Task details:
Give back, word for word, the lines in the listing below from the one holding "Meise Möbel meise.lift Gebrauchsanweisung" down to the one holding "Roundtree&yorke soft washed", both ends included.

===== Given data =====

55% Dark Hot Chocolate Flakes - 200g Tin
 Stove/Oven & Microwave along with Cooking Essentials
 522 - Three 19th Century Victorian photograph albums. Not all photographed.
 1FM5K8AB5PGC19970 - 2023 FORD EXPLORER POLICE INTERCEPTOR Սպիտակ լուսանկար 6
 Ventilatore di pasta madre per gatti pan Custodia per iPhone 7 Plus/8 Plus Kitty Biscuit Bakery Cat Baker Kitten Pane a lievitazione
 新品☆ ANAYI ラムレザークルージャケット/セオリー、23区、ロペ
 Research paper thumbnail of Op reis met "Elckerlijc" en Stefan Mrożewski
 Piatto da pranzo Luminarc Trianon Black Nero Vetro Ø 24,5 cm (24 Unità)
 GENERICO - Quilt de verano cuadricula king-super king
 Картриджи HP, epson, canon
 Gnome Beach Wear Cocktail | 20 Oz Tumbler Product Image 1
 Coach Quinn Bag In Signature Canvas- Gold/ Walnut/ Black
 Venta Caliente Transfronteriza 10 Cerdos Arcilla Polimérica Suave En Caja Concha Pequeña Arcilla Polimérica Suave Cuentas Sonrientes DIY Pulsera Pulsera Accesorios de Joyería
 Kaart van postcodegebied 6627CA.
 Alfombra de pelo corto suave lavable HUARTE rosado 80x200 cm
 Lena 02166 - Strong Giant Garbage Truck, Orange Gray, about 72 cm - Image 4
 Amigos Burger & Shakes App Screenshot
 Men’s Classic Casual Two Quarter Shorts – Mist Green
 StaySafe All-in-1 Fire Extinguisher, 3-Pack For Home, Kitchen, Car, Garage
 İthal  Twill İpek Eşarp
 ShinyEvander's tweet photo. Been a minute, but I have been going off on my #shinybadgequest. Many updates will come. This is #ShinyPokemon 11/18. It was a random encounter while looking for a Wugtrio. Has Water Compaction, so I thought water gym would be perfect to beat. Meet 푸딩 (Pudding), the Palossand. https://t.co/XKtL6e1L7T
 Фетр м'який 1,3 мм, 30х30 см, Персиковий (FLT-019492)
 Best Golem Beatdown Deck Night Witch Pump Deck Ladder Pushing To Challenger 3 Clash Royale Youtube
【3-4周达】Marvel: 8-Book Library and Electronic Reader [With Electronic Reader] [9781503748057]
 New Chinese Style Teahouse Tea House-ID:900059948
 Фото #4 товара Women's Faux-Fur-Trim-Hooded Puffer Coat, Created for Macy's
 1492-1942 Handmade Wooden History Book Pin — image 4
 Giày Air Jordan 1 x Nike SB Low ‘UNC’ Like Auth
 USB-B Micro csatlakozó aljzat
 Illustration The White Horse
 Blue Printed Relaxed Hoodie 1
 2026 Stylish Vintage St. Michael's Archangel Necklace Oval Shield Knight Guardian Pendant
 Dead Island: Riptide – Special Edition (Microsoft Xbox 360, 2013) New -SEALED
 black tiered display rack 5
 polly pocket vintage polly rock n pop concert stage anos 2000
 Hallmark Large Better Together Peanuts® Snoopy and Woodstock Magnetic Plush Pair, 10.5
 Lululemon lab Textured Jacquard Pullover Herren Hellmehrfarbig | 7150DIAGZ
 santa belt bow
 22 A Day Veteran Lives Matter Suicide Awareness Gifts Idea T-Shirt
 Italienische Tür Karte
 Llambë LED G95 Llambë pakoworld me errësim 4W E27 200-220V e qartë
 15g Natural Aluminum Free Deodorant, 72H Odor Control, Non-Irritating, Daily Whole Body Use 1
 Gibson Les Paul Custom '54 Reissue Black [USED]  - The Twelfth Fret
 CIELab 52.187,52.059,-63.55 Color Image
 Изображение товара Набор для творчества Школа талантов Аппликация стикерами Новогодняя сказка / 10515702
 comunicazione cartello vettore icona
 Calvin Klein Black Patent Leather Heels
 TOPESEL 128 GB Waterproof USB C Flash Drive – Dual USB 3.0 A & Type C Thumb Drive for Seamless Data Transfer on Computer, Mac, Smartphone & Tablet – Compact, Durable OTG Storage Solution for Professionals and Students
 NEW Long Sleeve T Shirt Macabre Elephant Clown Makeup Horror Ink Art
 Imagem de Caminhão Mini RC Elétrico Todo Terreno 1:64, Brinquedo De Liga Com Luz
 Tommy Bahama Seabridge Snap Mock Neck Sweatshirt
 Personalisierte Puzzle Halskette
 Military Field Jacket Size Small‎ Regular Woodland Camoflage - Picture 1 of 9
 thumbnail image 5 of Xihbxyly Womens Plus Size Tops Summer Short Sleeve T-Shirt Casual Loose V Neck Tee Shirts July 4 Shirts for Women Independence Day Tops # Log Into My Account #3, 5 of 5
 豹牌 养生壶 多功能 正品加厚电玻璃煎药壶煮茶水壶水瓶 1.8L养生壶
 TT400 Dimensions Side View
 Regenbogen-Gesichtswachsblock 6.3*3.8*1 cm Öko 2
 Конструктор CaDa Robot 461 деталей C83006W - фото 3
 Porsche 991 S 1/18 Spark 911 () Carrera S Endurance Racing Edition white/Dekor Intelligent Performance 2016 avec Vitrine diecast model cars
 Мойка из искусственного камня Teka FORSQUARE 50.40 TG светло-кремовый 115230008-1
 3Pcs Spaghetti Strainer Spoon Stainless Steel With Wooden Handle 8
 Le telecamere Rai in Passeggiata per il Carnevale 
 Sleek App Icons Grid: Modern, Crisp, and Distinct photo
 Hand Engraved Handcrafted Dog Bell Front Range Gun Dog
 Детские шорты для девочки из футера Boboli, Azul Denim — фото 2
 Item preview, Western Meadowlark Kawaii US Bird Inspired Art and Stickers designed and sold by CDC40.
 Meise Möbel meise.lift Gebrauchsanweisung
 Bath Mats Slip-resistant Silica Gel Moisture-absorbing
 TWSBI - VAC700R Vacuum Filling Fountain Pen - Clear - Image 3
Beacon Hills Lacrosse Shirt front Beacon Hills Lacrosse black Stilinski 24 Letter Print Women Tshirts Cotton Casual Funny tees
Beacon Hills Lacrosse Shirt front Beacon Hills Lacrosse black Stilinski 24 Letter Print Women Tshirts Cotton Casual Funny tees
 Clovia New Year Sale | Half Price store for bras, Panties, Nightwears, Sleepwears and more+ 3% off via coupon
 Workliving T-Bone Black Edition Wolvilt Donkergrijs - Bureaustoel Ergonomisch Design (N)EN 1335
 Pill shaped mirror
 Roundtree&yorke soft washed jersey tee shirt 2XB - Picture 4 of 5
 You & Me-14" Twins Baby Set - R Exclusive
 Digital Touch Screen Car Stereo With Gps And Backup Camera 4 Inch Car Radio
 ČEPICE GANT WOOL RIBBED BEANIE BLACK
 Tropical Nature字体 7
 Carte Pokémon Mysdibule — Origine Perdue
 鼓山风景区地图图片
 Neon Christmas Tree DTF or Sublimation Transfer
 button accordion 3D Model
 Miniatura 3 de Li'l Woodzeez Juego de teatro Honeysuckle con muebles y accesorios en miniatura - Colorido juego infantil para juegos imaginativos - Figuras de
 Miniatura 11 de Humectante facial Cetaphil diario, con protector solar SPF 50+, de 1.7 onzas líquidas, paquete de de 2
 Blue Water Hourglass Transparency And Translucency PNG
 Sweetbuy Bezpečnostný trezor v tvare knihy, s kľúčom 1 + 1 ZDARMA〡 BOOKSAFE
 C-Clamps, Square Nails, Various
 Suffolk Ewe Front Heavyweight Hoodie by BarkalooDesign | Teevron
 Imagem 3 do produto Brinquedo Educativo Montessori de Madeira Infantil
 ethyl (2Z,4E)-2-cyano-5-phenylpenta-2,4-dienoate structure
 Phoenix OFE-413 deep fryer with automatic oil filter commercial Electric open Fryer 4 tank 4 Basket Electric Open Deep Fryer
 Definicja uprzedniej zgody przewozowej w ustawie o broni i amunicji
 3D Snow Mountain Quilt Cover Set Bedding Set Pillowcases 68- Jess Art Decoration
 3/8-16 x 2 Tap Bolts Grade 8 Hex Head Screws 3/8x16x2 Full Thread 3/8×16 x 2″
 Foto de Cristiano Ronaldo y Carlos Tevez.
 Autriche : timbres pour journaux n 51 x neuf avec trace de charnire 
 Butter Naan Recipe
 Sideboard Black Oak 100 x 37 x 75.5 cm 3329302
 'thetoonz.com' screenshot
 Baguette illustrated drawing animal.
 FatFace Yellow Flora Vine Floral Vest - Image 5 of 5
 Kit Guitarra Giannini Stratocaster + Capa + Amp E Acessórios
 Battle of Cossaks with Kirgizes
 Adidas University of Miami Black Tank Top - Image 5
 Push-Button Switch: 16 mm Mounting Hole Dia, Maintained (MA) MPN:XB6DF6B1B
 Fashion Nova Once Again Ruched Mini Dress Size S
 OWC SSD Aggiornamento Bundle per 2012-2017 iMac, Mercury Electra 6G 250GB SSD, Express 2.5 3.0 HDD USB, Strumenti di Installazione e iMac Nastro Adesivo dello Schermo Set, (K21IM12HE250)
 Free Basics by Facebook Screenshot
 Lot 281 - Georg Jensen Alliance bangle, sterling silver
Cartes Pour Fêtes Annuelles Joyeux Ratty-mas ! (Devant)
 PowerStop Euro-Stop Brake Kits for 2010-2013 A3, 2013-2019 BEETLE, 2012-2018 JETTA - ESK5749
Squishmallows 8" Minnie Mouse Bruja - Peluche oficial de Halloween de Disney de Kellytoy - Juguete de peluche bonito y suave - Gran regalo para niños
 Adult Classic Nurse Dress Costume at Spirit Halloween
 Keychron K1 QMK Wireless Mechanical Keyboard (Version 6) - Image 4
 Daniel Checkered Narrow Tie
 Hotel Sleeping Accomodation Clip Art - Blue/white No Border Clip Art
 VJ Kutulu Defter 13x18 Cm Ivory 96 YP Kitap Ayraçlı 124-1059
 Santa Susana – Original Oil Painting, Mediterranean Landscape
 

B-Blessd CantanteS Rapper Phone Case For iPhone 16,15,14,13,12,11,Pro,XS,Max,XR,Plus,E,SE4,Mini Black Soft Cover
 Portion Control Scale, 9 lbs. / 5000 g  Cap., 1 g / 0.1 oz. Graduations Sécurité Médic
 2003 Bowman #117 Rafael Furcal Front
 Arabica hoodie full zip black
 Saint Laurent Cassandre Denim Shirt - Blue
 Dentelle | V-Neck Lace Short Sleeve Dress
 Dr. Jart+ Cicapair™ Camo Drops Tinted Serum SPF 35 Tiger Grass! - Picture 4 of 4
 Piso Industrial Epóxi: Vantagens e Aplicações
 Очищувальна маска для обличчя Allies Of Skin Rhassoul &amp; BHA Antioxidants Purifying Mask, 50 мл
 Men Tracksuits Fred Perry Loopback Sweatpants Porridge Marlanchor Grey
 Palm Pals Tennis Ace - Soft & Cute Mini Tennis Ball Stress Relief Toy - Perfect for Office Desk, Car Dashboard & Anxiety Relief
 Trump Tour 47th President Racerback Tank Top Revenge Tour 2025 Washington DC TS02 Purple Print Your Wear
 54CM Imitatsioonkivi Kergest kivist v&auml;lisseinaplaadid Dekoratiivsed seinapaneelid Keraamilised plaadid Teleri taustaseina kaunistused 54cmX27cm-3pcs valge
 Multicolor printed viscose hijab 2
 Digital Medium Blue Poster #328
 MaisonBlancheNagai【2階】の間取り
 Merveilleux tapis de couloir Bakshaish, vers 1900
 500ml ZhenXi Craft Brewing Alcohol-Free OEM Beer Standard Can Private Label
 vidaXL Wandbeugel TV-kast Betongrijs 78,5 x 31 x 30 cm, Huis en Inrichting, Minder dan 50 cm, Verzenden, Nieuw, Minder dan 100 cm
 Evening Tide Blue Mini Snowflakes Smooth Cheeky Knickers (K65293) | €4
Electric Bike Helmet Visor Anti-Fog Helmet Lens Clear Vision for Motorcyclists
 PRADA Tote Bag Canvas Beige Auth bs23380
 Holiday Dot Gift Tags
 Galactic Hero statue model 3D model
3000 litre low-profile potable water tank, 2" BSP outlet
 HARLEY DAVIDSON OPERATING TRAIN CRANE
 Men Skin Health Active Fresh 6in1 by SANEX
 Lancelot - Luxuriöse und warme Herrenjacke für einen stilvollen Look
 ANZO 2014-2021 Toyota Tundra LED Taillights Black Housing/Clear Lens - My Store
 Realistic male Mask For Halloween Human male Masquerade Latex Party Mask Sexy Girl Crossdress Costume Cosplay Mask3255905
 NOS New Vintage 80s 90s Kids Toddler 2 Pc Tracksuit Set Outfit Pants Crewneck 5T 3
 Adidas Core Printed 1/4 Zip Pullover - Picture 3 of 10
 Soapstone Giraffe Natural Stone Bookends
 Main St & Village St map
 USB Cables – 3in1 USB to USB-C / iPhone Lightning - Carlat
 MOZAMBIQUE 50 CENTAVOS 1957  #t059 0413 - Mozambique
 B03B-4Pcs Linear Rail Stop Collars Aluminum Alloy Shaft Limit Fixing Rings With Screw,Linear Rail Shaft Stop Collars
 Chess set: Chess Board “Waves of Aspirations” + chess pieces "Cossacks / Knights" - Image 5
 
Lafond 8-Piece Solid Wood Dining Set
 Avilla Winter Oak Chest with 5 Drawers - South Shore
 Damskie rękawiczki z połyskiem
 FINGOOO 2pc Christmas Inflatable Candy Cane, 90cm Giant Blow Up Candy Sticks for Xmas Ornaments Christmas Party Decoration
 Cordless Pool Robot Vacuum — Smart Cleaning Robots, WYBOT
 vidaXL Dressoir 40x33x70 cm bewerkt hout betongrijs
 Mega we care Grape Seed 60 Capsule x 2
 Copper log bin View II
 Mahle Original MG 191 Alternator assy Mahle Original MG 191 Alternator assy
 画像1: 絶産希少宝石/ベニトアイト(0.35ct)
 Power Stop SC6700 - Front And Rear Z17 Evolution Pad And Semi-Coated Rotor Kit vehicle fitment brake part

=====

Exercise answer:
 Meise Möbel meise.lift Gebrauchsanweisung
 Bath Mats Slip-resistant Silica Gel Moisture-absorbing
 TWSBI - VAC700R Vacuum Filling Fountain Pen - Clear - Image 3
Beacon Hills Lacrosse Shirt front Beacon Hills Lacrosse black Stilinski 24 Letter Print Women Tshirts Cotton Casual Funny tees
Beacon Hills Lacrosse Shirt front Beacon Hills Lacrosse black Stilinski 24 Letter Print Women Tshirts Cotton Casual Funny tees
 Clovia New Year Sale | Half Price store for bras, Panties, Nightwears, Sleepwears and more+ 3% off via coupon
 Workliving T-Bone Black Edition Wolvilt Donkergrijs - Bureaustoel Ergonomisch Design (N)EN 1335
 Pill shaped mirror
 Roundtree&yorke soft washed jersey tee shirt 2XB - Picture 4 of 5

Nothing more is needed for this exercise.